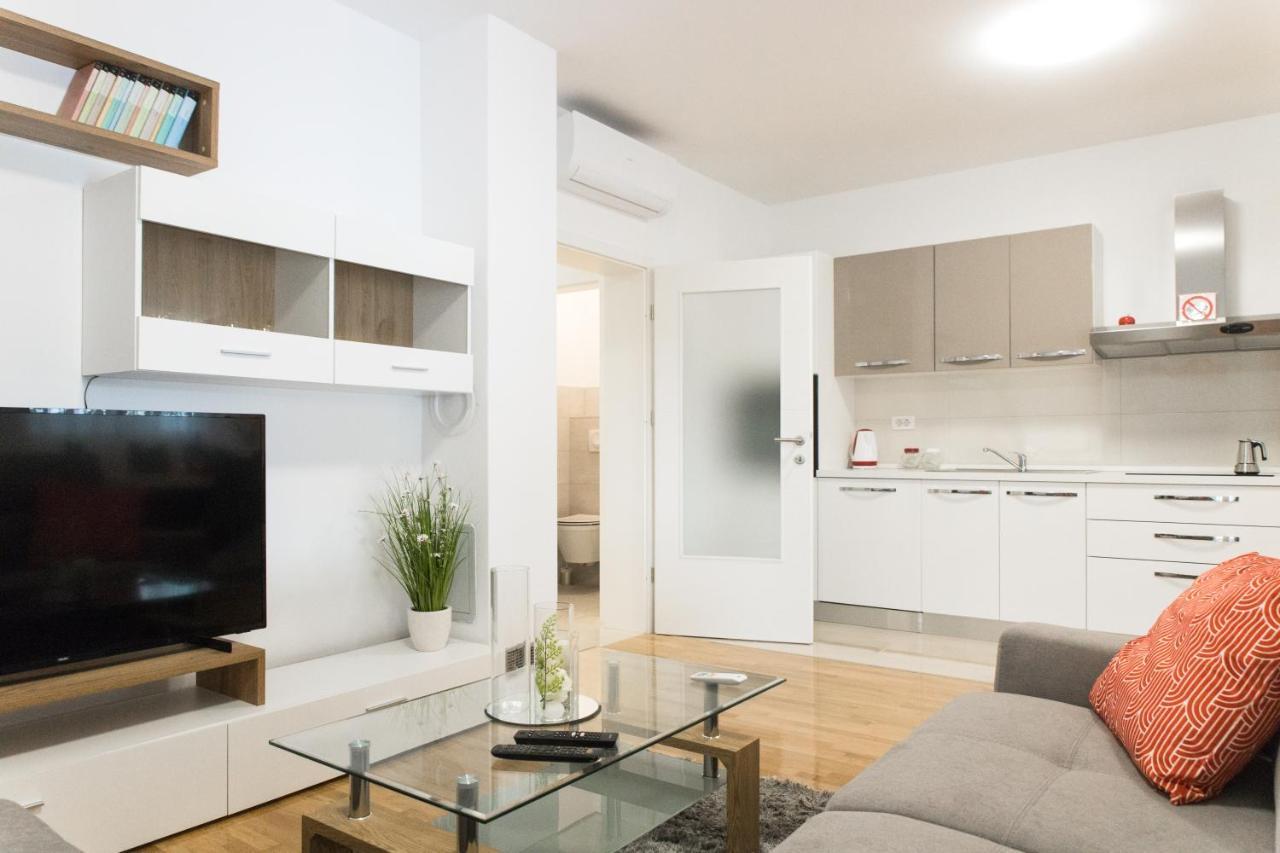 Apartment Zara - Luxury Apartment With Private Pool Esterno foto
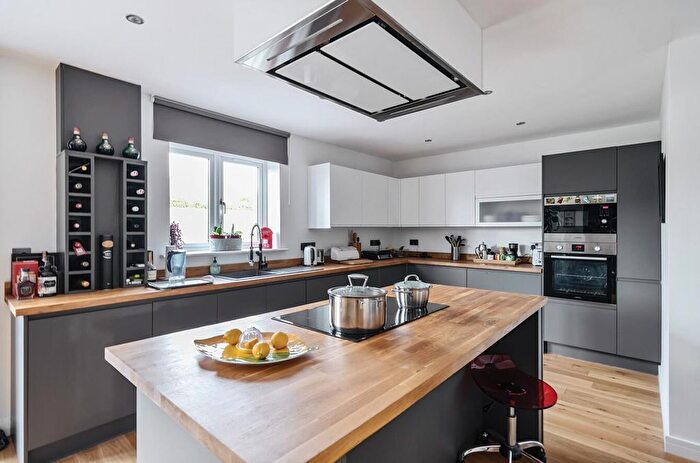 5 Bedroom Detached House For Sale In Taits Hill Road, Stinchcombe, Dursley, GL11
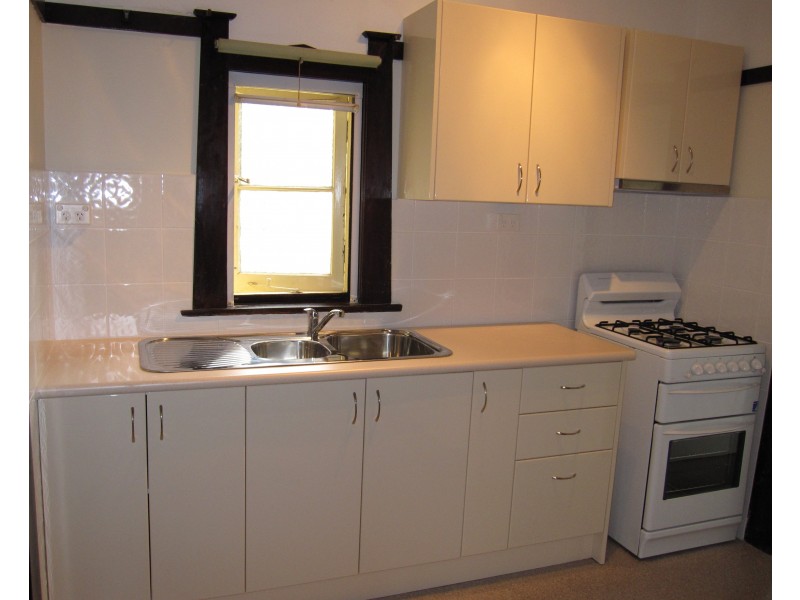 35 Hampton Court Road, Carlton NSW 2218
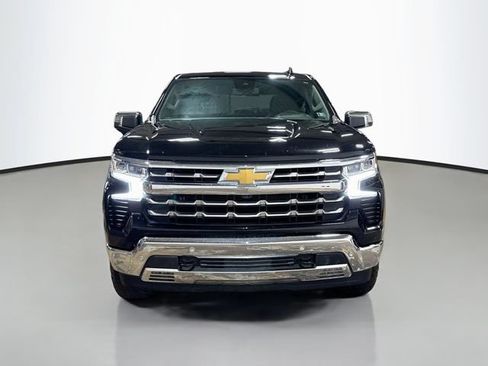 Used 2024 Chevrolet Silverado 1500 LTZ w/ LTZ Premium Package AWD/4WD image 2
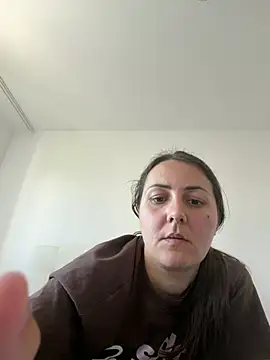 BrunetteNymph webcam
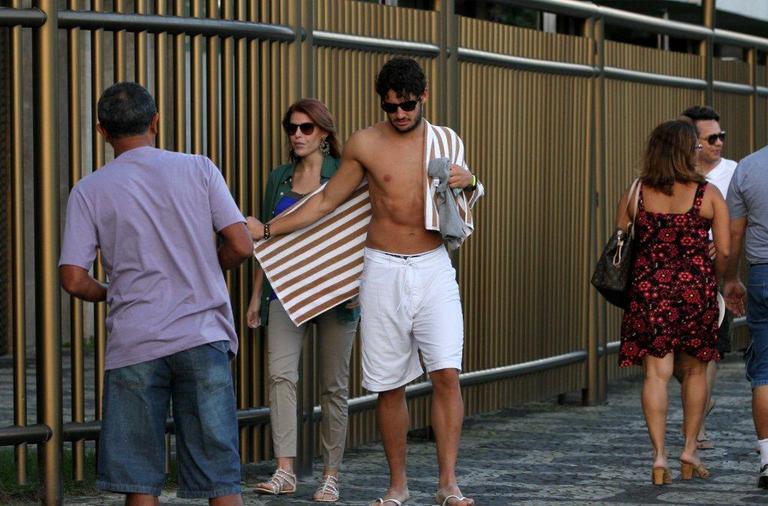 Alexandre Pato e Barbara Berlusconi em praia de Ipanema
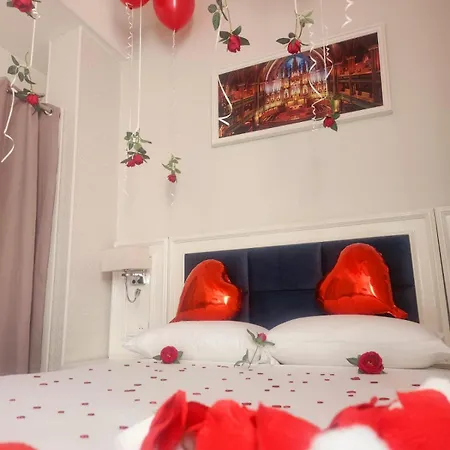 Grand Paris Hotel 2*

☆ ☆ ☆ ☆ ☆ ☆ ☆

WORK INSTRUCTION:
Please print the entire listing again exactly, minus its images.

ANSWER FOR THE TASK:
 Apartment Zara - Luxury Apartment With Private Pool Esterno foto
 5 Bedroom Detached House For Sale In Taits Hill Road, Stinchcombe, Dursley, GL11
 35 Hampton Court Road, Carlton NSW 2218
 Used 2024 Chevrolet Silverado 1500 LTZ w/ LTZ Premium Package AWD/4WD image 2
 BrunetteNymph webcam
 Alexandre Pato e Barbara Berlusconi em praia de Ipanema
 Grand Paris Hotel 2*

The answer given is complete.